Com a saída, por imposição legal, de Camilo Santana do governo estadual para se habilitar a uma candidatura ao senado, assume agora a titularidade pelos próximos meses Izolda Cela. Em qualquer parte, mas sobretudo no Nordeste, tão marcado pelo predomínio patriarcal em todas as dimensões da sua construção histórica, é relevante o fato de que uma mulher assumirá pela primeira vez o comando do estado do Ceará. O fato não é, felizmente, inédito: aqui, foi eleita em 1985 a primeira prefeita de capital, a também professora Maria Luíza Fontenele.
(Permitam-me um longo, mas pertinente parêntese, pois se faz justiça ao sublinhar agora. Os Ferreira Gomes, com maior poder de decisão no Ceará desde 2007, se caracterizam por um estilo retórico direto, não raramente rude — “na lata”, como se diz.

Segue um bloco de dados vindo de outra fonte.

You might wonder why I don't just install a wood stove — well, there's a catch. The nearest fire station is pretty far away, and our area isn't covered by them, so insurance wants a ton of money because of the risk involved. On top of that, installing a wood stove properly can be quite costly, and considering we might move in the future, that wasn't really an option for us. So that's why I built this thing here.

E são, igualmente, difamados muitas vezes como “oligarquia”, o “poder de poucos”, forma muito comum de monopólio político, e frequentemente sustentada em bases familiares, de confiança rígida e interesses afins.

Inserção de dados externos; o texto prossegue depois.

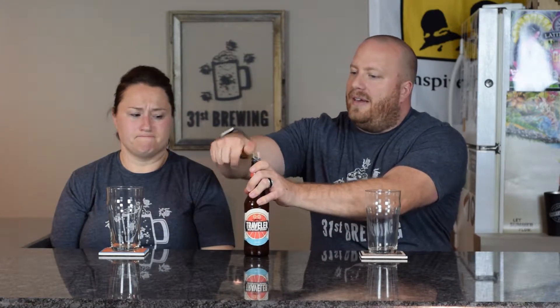Welcome back everybody. I'm Brad. I'm Jessica. And today we have a beer from the Traveler Beer Company. This is Traveler Grapefruit Shandy. It's 4.4% ABV and 7 IBUs.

Contudo, na prova dos nove da prática, eles têm dado oportunidades para a revelação de novas vocações e escolhido personalidades de perfil afável e moderado, de tolerância e diálogo, em contraste com o estilo por vezes arrogante deles mesmo: foi assim com Roberto Cláudio e Camilo Santana e é assim com José Sarto e Izolda Cela. Vale como uma autocrítica não confessada de suas limitações, se quisermos ser benevolentes. Fecha parêntese).
Voltando ao assunto. Izolda recebe uma casa em ordem em um momento difícil: a governança de Camilo foi exemplar, porém a conjuntura é turbulenta — inflação, alta de preços, ameaças institucionais, epidemia. Internamente, virá uma disputa eleitoral contra a pior oposição que se poderia desejar aos inimigos, de inspiração miliciana, com acento oportunista na moralidade e desprovida de um projeto consistente de gestão.
No entanto, não caiu de paraquedas no Palácio da Abolição: desde sua primeira experiência, na equipe do então secretário de Educação de Sobral, Ivo Gomes, até a atual coordenação do projeto Ceará Pacífico, Izolda teve boas oportunidades de aprender a mexer com essa coisa difícil que é a gestão pública no Brasil — uma engenhoca que desperdiça matéria prima, gasta muita energia e produz resíduos tóxicos na sua linha de produção de resultados quase sempre frustrantes para quem se aventura no ramo com boa vontade e desprendimento.
Trata-se — eu a apresentaria assim a quem não a conhece — de uma mulher honrada. De atitudes prudentes e posições equilibradas. De conduta discreta, terá que se reinventar, caso seja indicada pelo seu grupo político para uma candidatura à reeleição, como se especula.
Ao longo de sua já extensa vida pública, falou pouco e fez muito e chega a essa nova missão por mérito próprio, sem oferecer ou receber vantagens, nem buscá-la como projeto pessoal. Fez-se respeitar sem imposições, o que é um providencial exemplo no contexto de uma cultura política de excessivo profissionalismo e onde os projetos pessoais, dada a fragilidade orgânica dos partidos políticos, costumam atropelar a razão crítica e o interesse comum.
Desejo a ela boa sorte. Vai precisar.